Già dalla prima sequenza, quel mare in tempesta che inghiotte un uomo alla deriva, siamo immediatamente catapultati in una suggestione che, capiremo poco a poco, ci chiamerà sempre più a far parte di questo nuovo incontro, quello tra uomo e natura. Che si fa ciclico, anche attraverso le dinamiche proprie del sogno, trovando nelle musiche di Laurent Perez del Mar la perfetta sottolineatura dei vari momenti del racconto. Muto per la sua interezza, anche perché come detto non servono parole, o dialoghi, quando la forma-cinema riesce ad esprimersi con questa potenza, lasciando solo alle immagini e ai suoni della natura il compito di parlarci. Non perdetelo.

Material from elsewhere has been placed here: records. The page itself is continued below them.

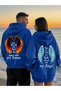 Dear Couple Combination Angel and Demon Wing Printed Special Design Hooded Sweatshirt 2-Piece Set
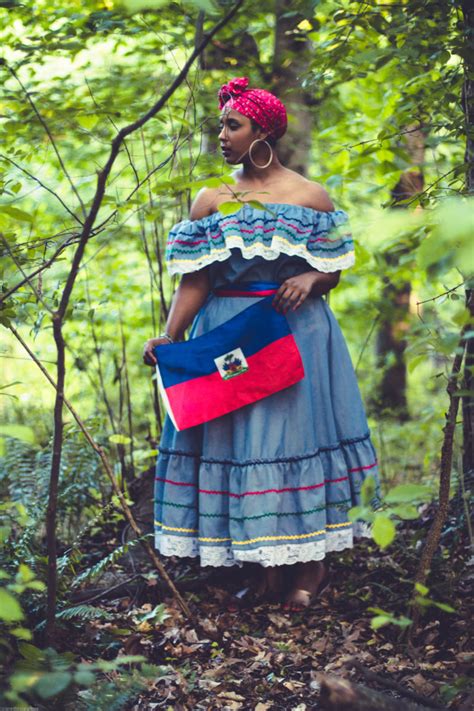 traditional haitian dress comme coco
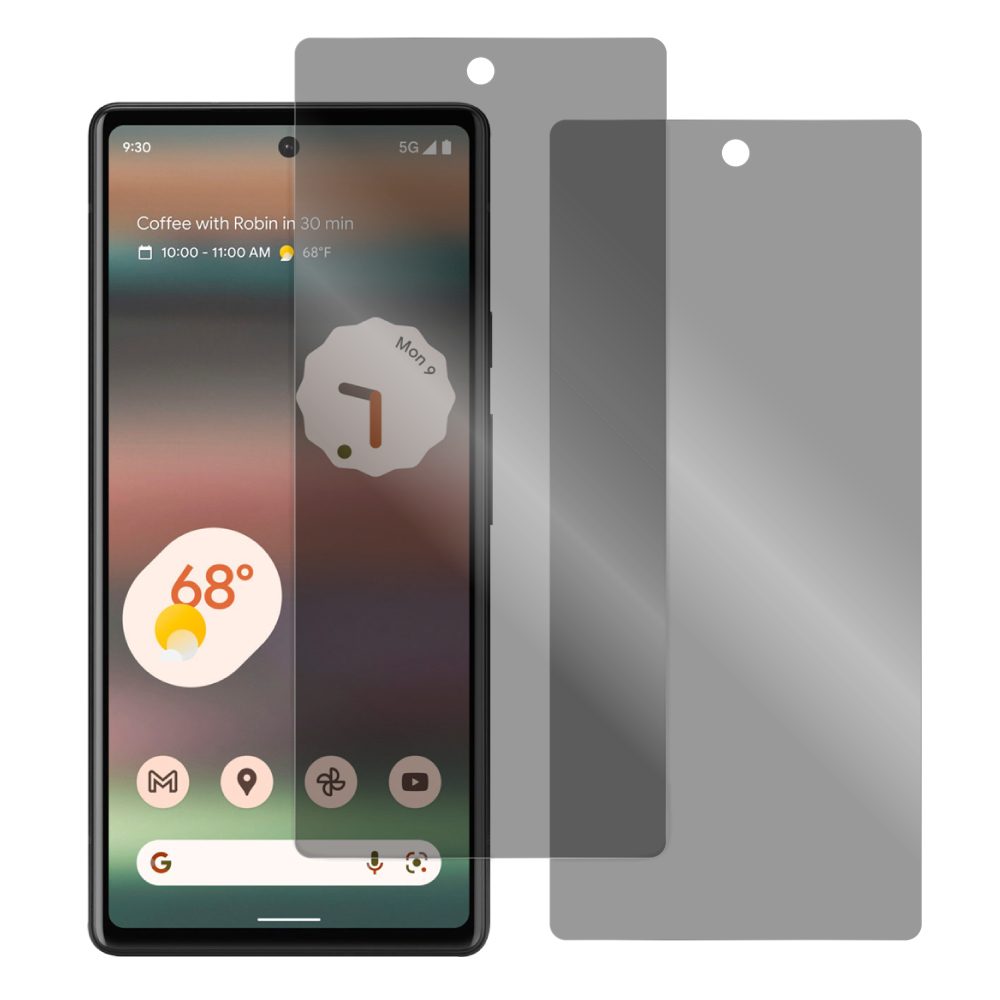 [2枚入り] LOOF Google Pixel 6a 用 保護フィルム 簡単貼り付け 画面保護 ソフトフィルム 気泡なし 傷防止 割れ防止 指紋防止 [ Google Pixel 6a / 覗き見防止 仕様]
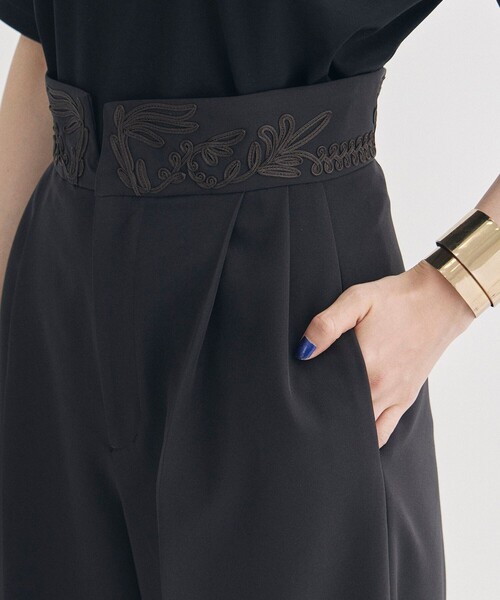 LOKITHO/ロキト】コード刺繍ペプラムパンツ（その他パンツ）｜LOKITHO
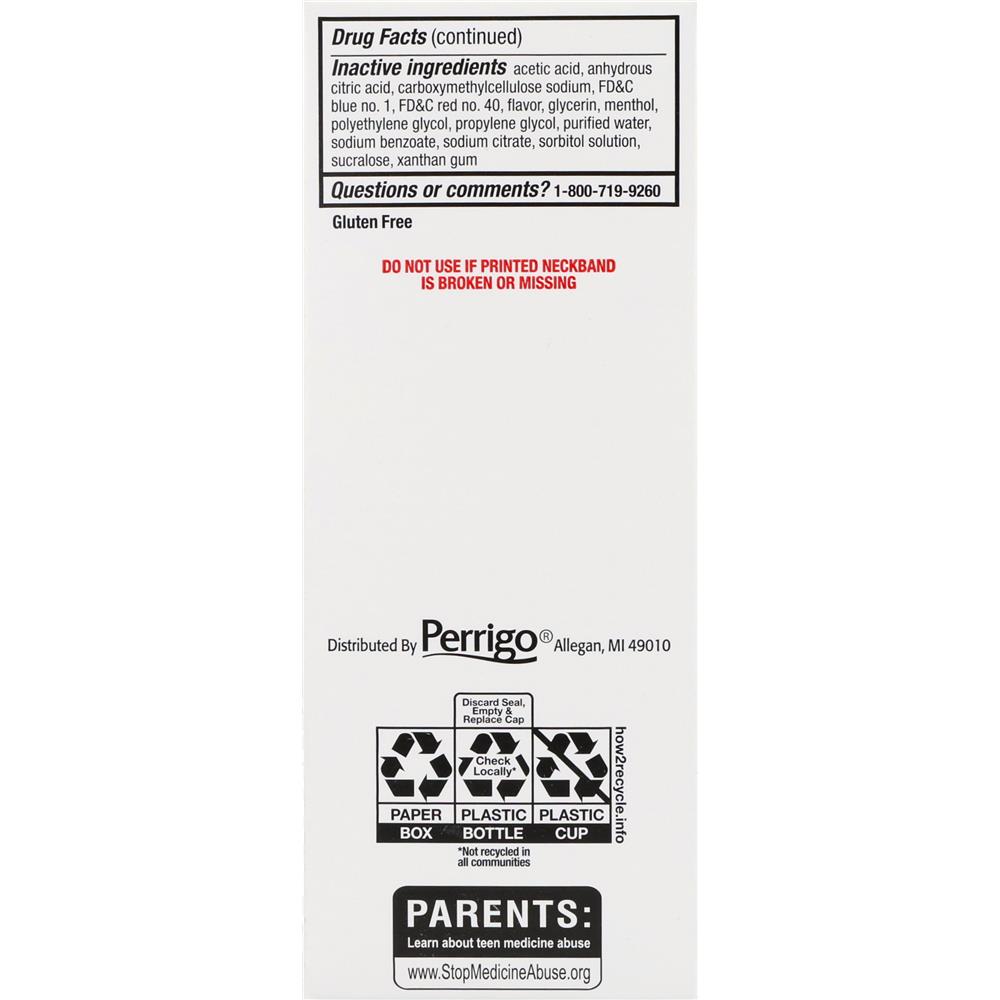 This product's drug facts, warnings, and directions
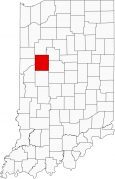 Tippecanoe County Map Indiana Locator
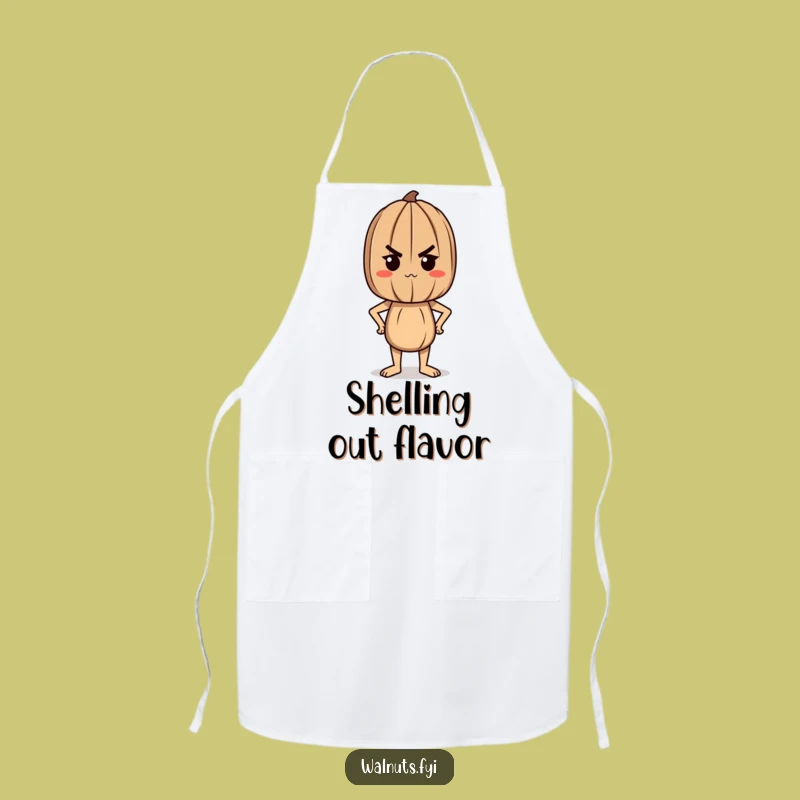Funny Determined Walnut Apron, Cook with Pride and Determination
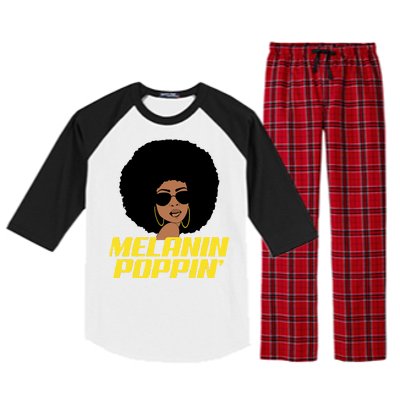 Melanin Poppin Proud African Pride Raglan Sleeve Pajama Set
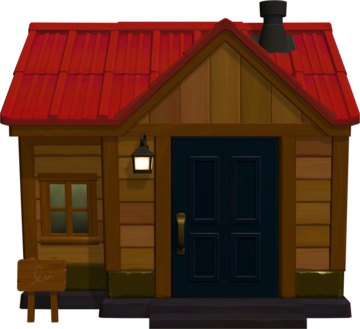 Animal Crossing: New Horizons Elfriede Haus Außenansicht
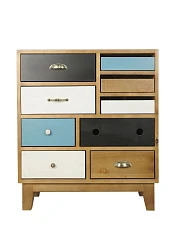 Комод «Aquarelle Birch» 9 ящиков арт RE-18ETG/4 в интерьере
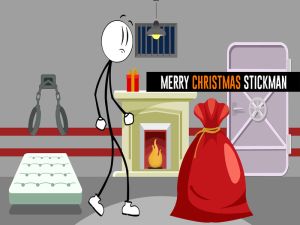 Gêm Sticman Nadolig Llawen ar-lein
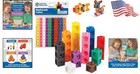 Stem Educational Mathlink Cubes - 100 Colorful Counting Blocks For Kids 5 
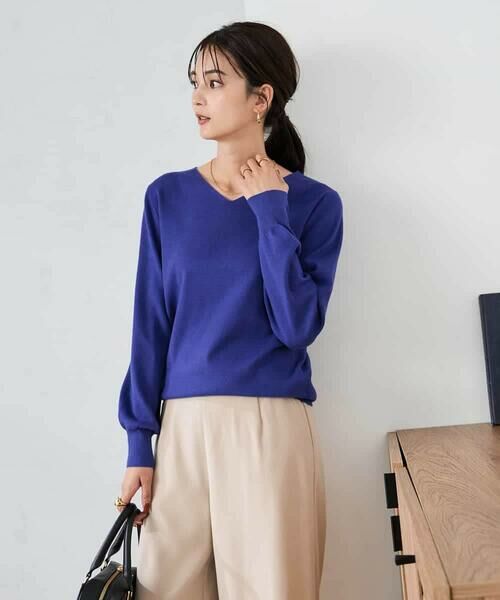 a.v.v / アー・ヴェ・ヴェ ニット・セーター | 【洗える/雑誌InRed(宝島社)11月号掲載】Vネック美ラクるパフスリーブニット | 詳細22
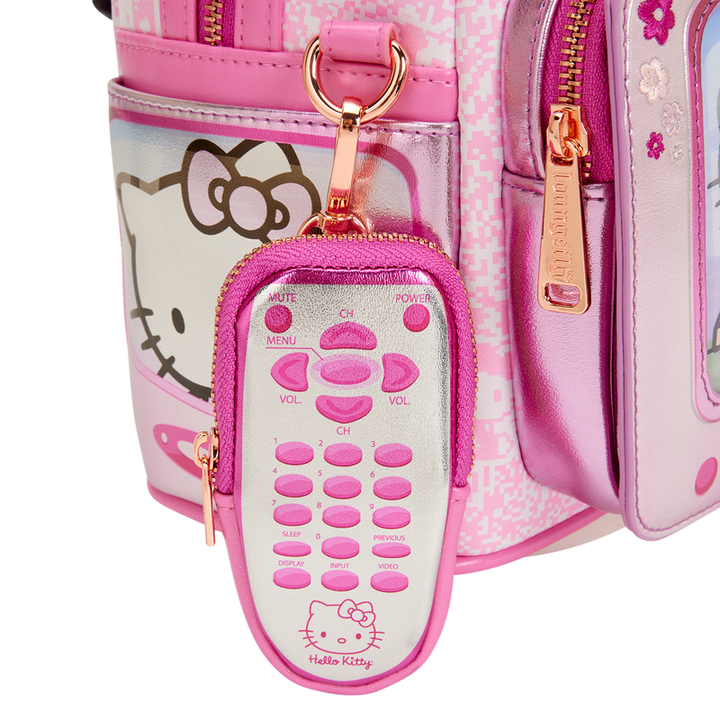 Loungefly Sanrio Hello Kitty Vintage TV Lenticular Mini Backpack with Coin Bag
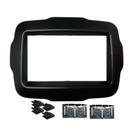 Moldura 2 Din Fiamon Jeep Renegade para MP5 2015 em diante cor Preta
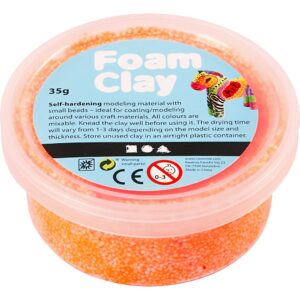 Foam Clay®, mellem orange, 35 g/ 1 ds.
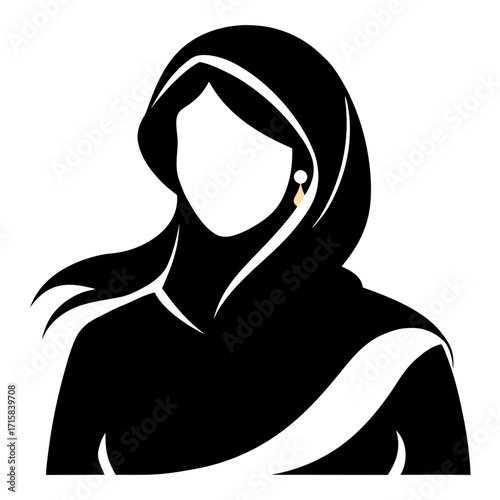 vector illustration of a woman wearing a mask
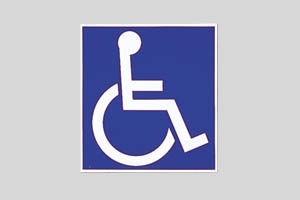 Wheelchair sticker (4 entrances)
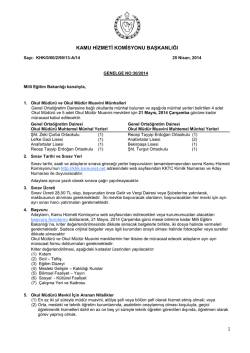 Genel Orta&ouml;ğretim Dairesi - Kamu Hizmeti Komisyonu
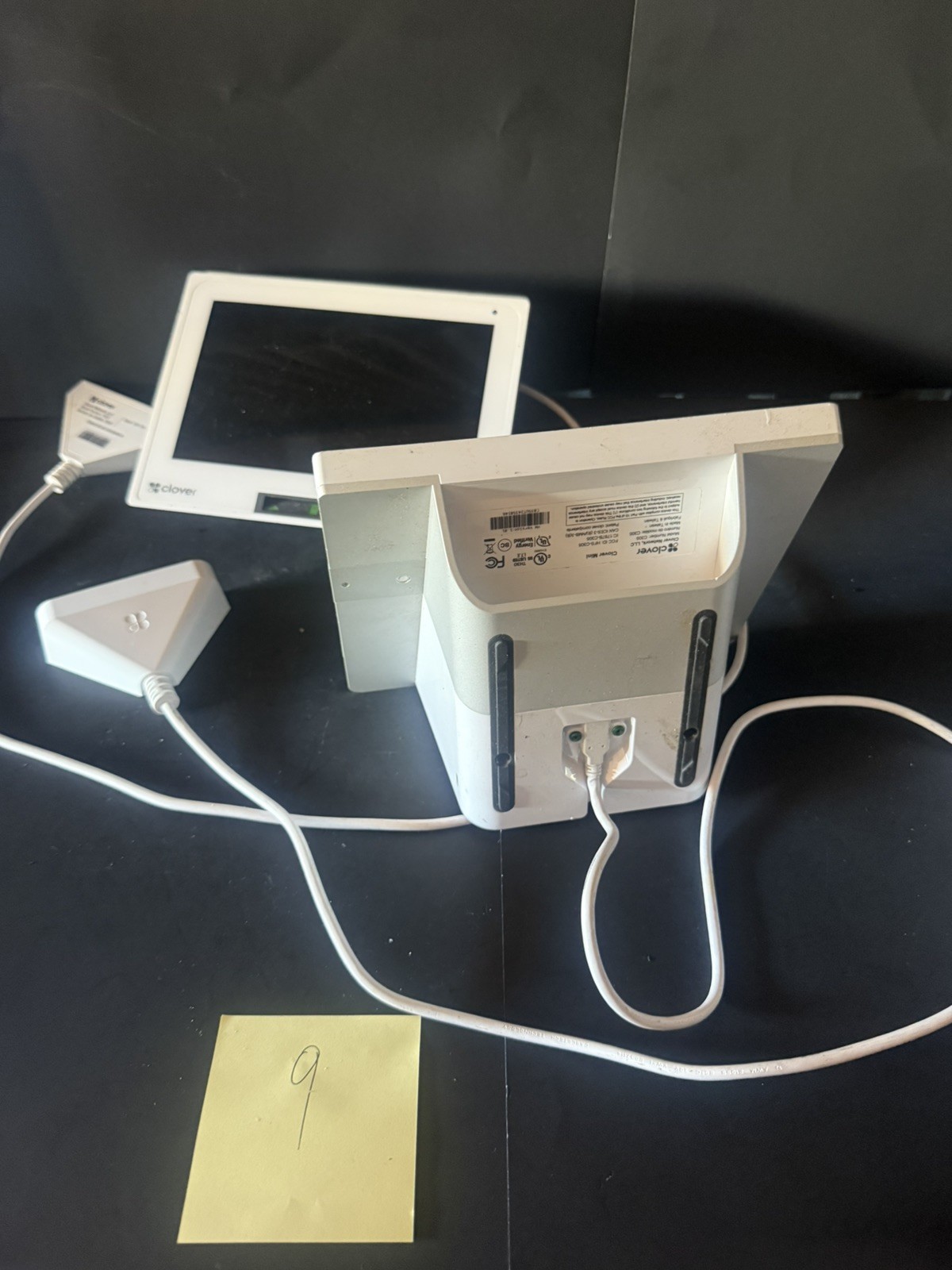 Lot of 2 Clover Mini POS System c305 Credit Card Terminal WiFi & Ethernet
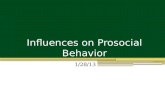 Influences on Prosocial Behavior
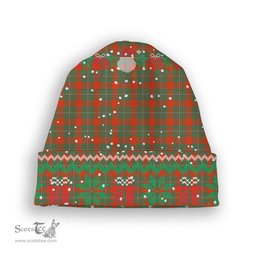 ScotsTee Shop Scottish McGregor Ancient Tartan Plaid Christmas Deer Snowman Snowflake Bell Knit Beanie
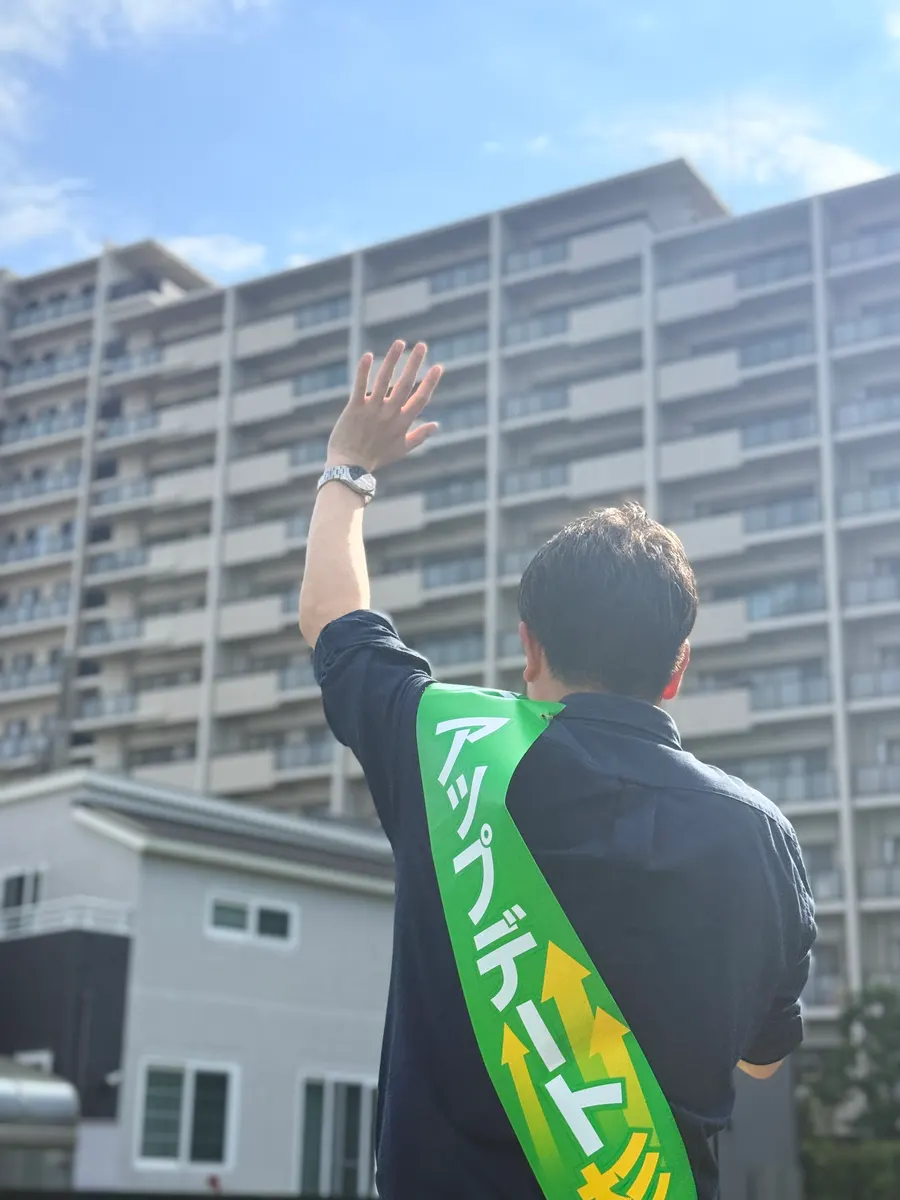 街頭1000本ノックの活動写真（6月12日 午後・井草・上井草・下井草周辺）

Valerio Sammarco – cinematografo.it
I film animati di Michaël Dudok de Wit non hanno bisogno di parole. Lo hanno dimostrato gioielli come The Monk and the Fish, ‘ll monaco e il pesce’, una danza a due, tratto a matita come in una partitura musicale, e Father and Daughter, ‘Padre e figlia’, struggente ricordo di una figlia per il padre premiato con l’Oscar nel 2001. Proprio questo corto ha folgorato Isao Takahata, produttore e autore dello studio Ghibli. Dieci anni dopo ecco La tartaruga rossa, prodotto dalla major giapponese e dalla Wild Bunch. Presentato alla sezione Un Certain Regard all’ultimo Festival di Cannes, La tartaruga rossa è entrato nella cinquina degli Oscar (battuto dal favorito Zootropolis) e oggi arriva in sala con Bim il 27, 28 e 29 marzo. Interamente senza dialoghi, anche stavolta, racconta di un uomo che naufraga su un’isola deserta. Solo, stanco, indebolito e affamato. Costruisce una zattera per andarsene, ma qualcosa tra le onde glielo impedisce. Tentativo dopo tentativo, capirà che a sbarrargli la strada c’è una gigantesca tartaruga rossa, che assumerà un’altra forma e accompagnerà un pezzo di vita dell’uomo sull’isola, che non è sfondo ma vera protagonista. Un paradiso terrestre che può diventare inferno e in cui l’essere umano passa senza lasciare un segno, insieme a insetti, gabbiani, pesci, granchi, tartarughe. Pesca e nuotate, passeggiate e sonni in spiaggia. E l’incontro, l’amore, la nascita, l’addio. Il film è stato realizzato con una tecnica mista, tavole a mano, a carboncino e una penna grafica per animare la zattera e la tartaruga in digitale. Dudok de Wit ha lavorato sei anni al film, che affronta temi larghissimi: morte, natura, amore, senza fornire risposte né spiegazioni certe. Proprio per questo è ancor più coinvolgente e stimolante, per gli adulti ma anche per i bambini. Fondamentali le musiche di Laurent Perez del Mar.